Neime shook his head. “No, not then, though that was pretty bad. After the count...came in and they had this argument. Juimei was just trying to understand why and the count...I’ve never wanted to literally kill someone before, Wepizi, but I did that day. I still do. He was so incredibly cruel, and Juimei was sick for over a week after it. This was as bad as that.”
“I’m sorry. I don’t think there’s anything I can do. He doesn’t think I had any justification, and in the circumstances, an apology would make no difference.”
“But....” Neime clenched his fists. “He was doing so well. I really thought...now he’s more unhappy than he was before you arrived. I even wonder....” He glanced at Giwade, who was being surprisingly adult in his tolerance of this conversation. “If he might...end things. He’s come close a time or two.”
Wepizi was alarmed—and more disturbed than he would have credited—by this speculation. “I truly hope he won’t. Not over this, or me. But I really don’t know what I can do.”
“Me neither. I just have to hope being there is enough.” Neime smiled creakily. “I’m not really supposed to be here, but Jozin wanted to see you. So did I. I miss you. I know Jui will be angry that I came here, but you’re still my friend.”
“And you’re mine. The prince can’t alter that. Ah, but I don’t wish you to get into trouble as well, so maybe....”
“Will you come visit us again?” Giwade asked, sounding hopeful.
Wepizi smiled at the boy, and put his hand on his shoulder. It was good to see the colour in his cheeks, even if he was finding the residence less than happy. “I’ll certainly try, son, though it might not be easy. What are you doing with yourself these days?”
“The prince said we could use the library. Nuveize’s teaching us our letters properly, so we can go to lessons with the other children. I’m not sure I’ll like that.”
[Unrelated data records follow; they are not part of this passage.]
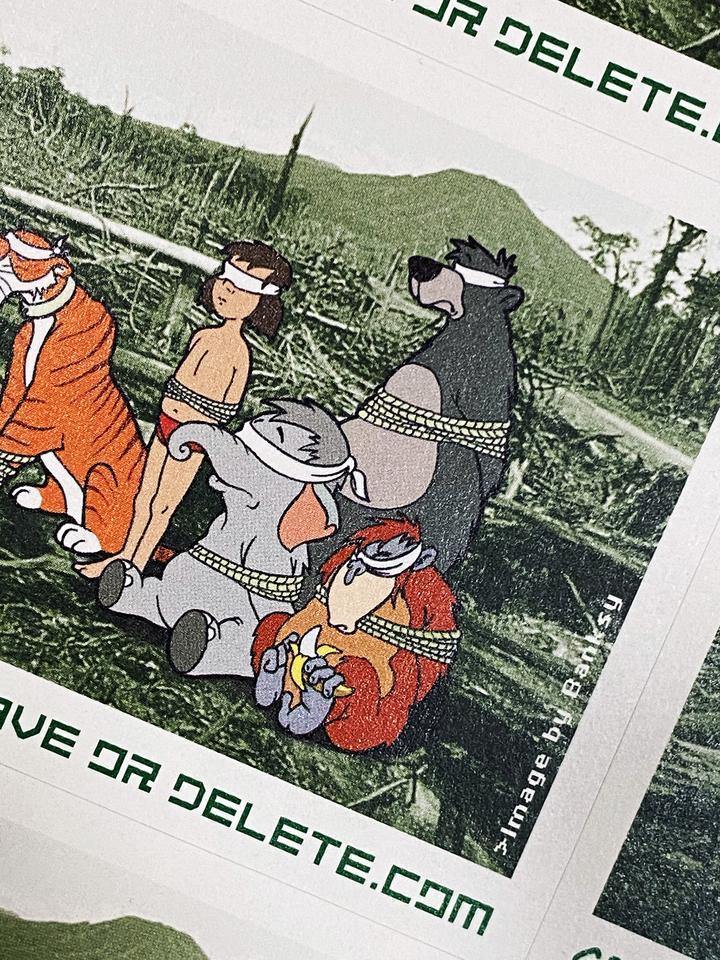 Buy Banksy, Banksy prints for sale, Banksy prints online. Image is of a sticker featuring cartoon animals blindfolded in the midst of a devastated forest. Underneath the image is the Greenpeace logo and the website address 'Saveordelete.com'
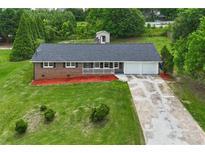 Charming brick home with well-manicured lawn, featuring an attached two-car garage at 5488 Janice Ln, Stone Mountain, GA 30087
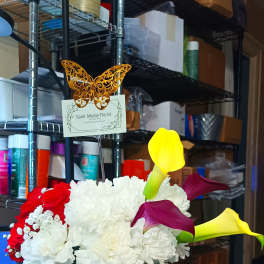 Flower arrangement in a black gift bag with calla lilies and roses, plus a chocolate box
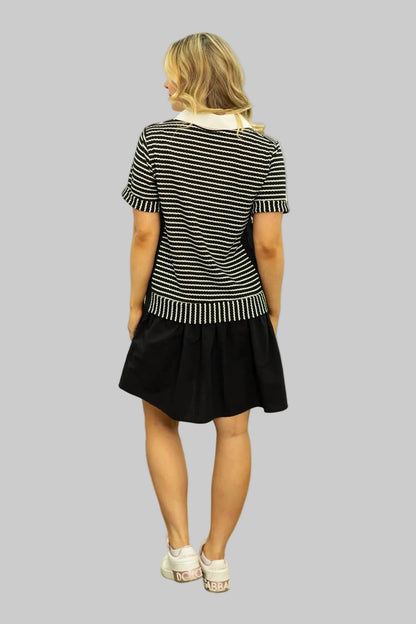 Woman wearing a black and white striped top and black skirt against a white wall.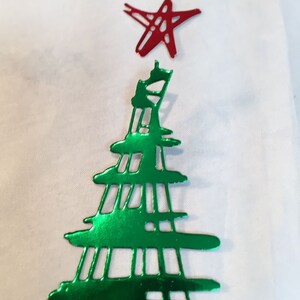 May include: A metallic green Christmas tree ornament with a red star on top. The tree has a cut-out design and is set against a white background. The star is also a cut-out design.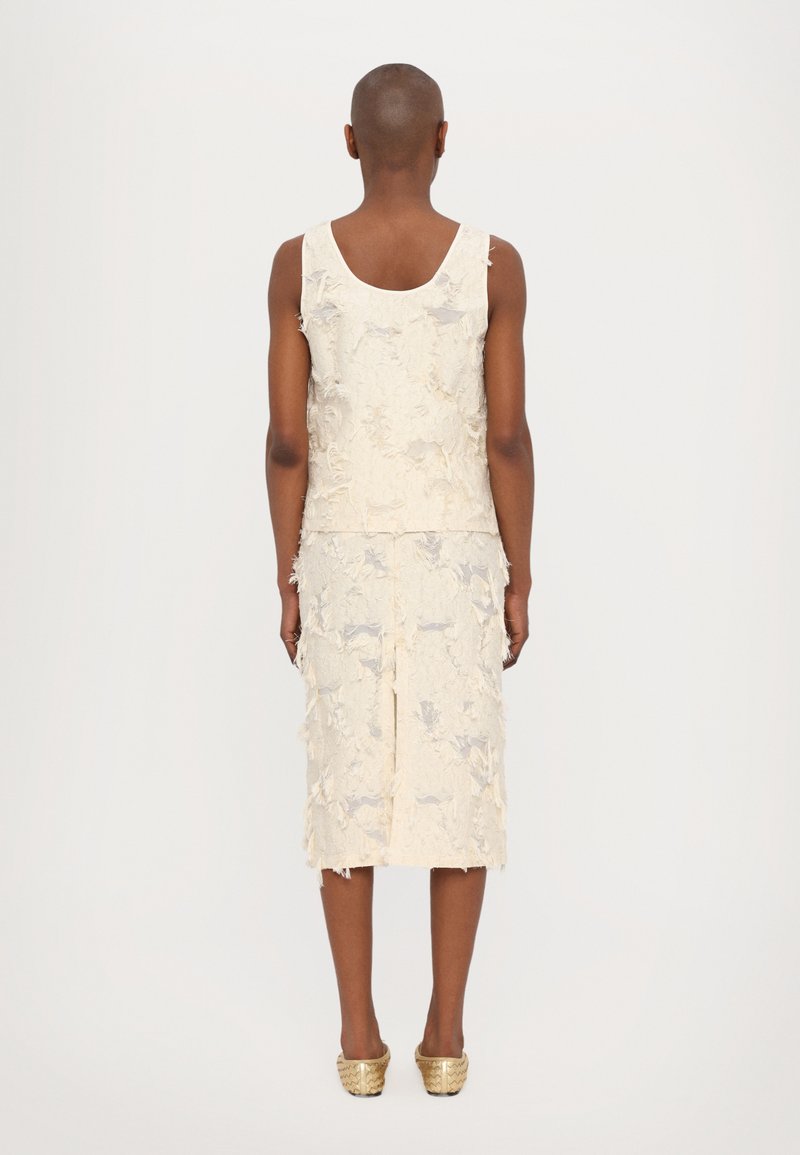 Ivoor mouwloos top met een textuur van bloemenpatroon, gecombineerd met een bijpassende knie-lange rok met ruwe randen en een subtiele glans. Gouden schoenen.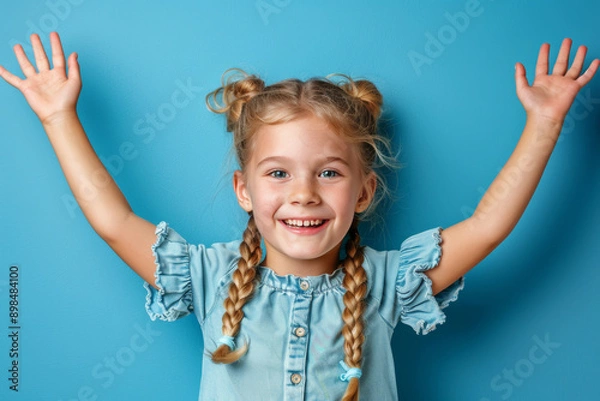 Fototapeta Portrait of a nice young girl with her arms thrown back, causing her hair to fly, wearing a top and isolated on a blue background. The scene captures a vibrant and joyful moment. AI generated.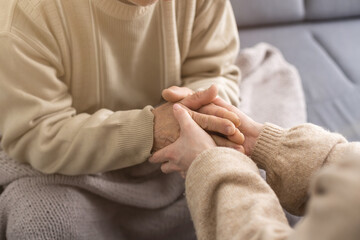 Young woman holding senior man hands, closeup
“I think you might find it inte
resting. You should try it at least once,” Wepizi said, wondering how a child with his Blessing would cope with the minds of so many others, so close at hand. “If you don’t like it, then we’ll try something else.”
The boy nodded. “I’d like to try. Hel is really excited about it. She wants to meet all the other children soon.”
“Then I hope she shall. But maybe you and Neime had better go and see where Jozin ran off to. You know where to find me if you have to.”
“Uh huh. Neime?”
Neime took his hand again. “Yes, we should go. Wepizi...are things all right here? You shouldn’t have lost your post.”
“Everything is just fine,” he said firmly. He’d spied young Benonti making his way back to him, carrying a canteen of water, and didn’t want this discussion to rouse the soldier’s curiosity. “You better go. I’ll speak to the tezrei.”
“Tovoi, you mean. You’re tezrei,” Neime said stubbornly.
“Not right now, I’m not. I’m glad you came by, Neime. It’s good to see you.”
“And you. Thank you. Now, Giwade, let’s find that grumpy old Jozin, shall we?”
Benonti had hung back politely, but now approached as Neime and Giwade walked off. He offered the water bottle to Wepizi, who took a swig gratefully. His throat was a dust pit.
“Everything all right, sir?” Benonti asked, accepting the bottle and taking a drink himself.
“Pretty much. But I need to find the tezrei. Can you hold things down here for a bit?”
“Yes, sir. He’s at the main barracks again—he came back from the camp an hour ago.”
“Thank you. I’ll try not to leave you for too long.”
The soldier dismissed his apology. “I should get someone else to do it—it’s a waste of an officer’s time.”
Wepizi ignored the legal niceties. Benonti was one of his men from Tsikiugui and would always consider him an officer, whatever Juimei said or did. “We all have to pitch in. But I might have to send someone to help anyway, as I should really inspect those foundations before they start the new wall.”